APIs & Crawl Budget: Don’t block API requests if they load important content
An attendee asked whether a website should disallow subdomains that are sending API requests, as they seemed to be taking up a lot of crawl budget. They also asked how API endpoints are discovered or used by Google.
You could help avoid crawl budget issues here by making sure the API results are cached well and don’t contain timestamps in the URL. If you don’t care about the content being returned to Google, you could block the API subdomains from being crawled, but you should test this out first to make sure it doesn’t stop critical content from being rendered.
John suggested making a test page that doesn’t crawl the API, or uses a broken URL for it, and see how the page renders in the browser (and for Google).

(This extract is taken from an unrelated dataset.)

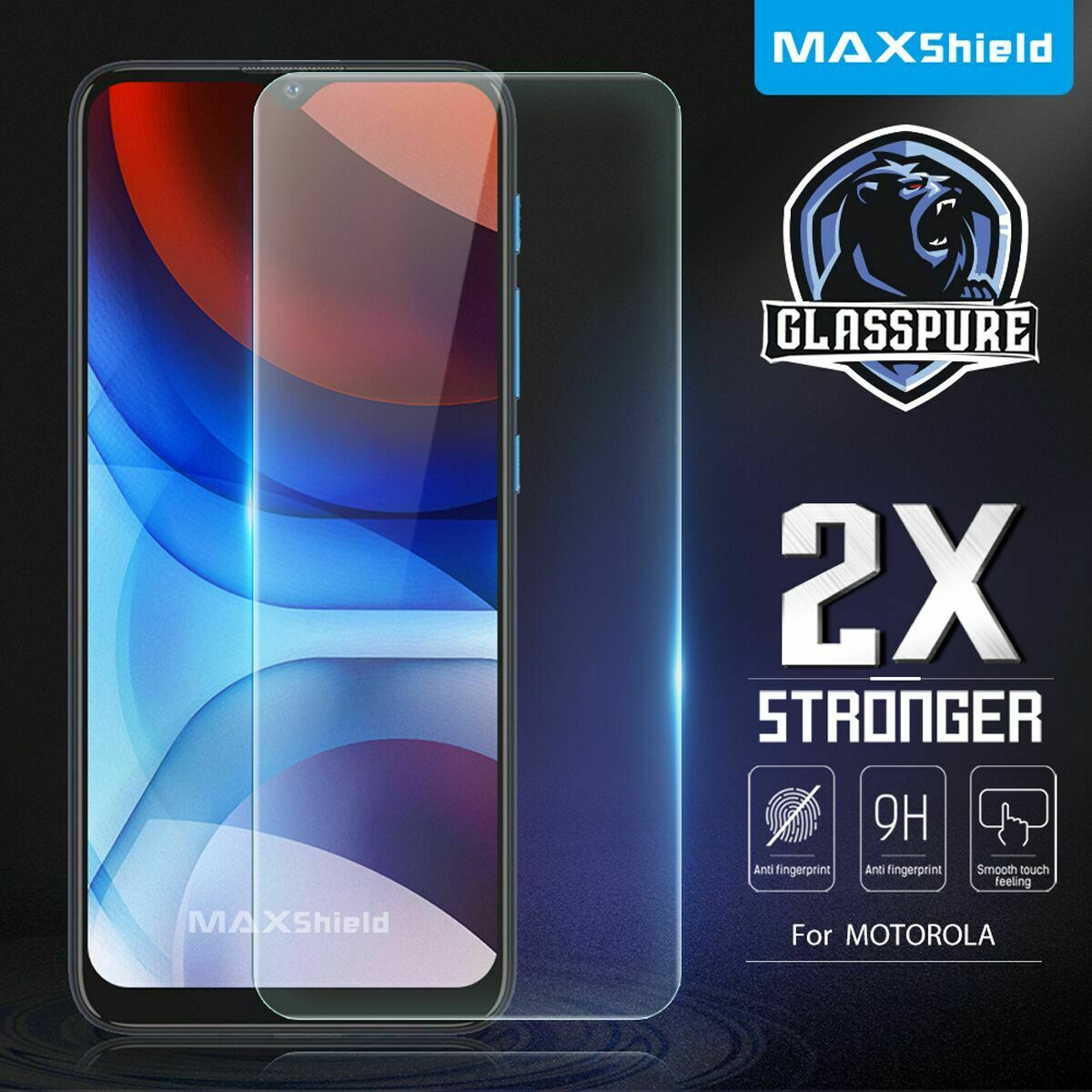 For Motorola Moto G9 Plus Tempered Glass Screen Protector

Legal and age-verification interstitials can affect crawling
Interstitials (for example, those that require users to verify their age before browsing) can have a negative impact on crawling and indexing if not implemented properly. Googlebot doesn’t click buttons or fill in forms, so any interstitial that requires those actions before the page is loaded may prevent Googlebot from crawling the content itself. Ideally, it’s recommended to use JS/CSS to display interstitials on top of existing content that’s already been loaded in. Because the content is still being loaded and users can access it after navigating the interstitial, this would not be seen as cloaking.
Not all hidden text is considered bad
One user asked whether all hidden text goes against Google’s Webmaster guidelines. John explained that hidden text becomes problematic when it’s there to deceive search engines. Google is generally pretty good at identifying when this is the case, so hidden text that’s not deceptive is generally not a problem. One example given is around accessibility. Content that’s there to aid screen readers (but isn’t visible on the page) is just one way that hidden text can serve a very valid purpose.
Showing less content to search engines than to users isn’t necessarily a cloaking issue
John was asked about a website that had a lot of noindexed pages that had HTTP errors. They asked whether it’s considered ‘cloaking‘ to show an empty HTML page to bots to get those URLs de-indexed, while still showing users the page.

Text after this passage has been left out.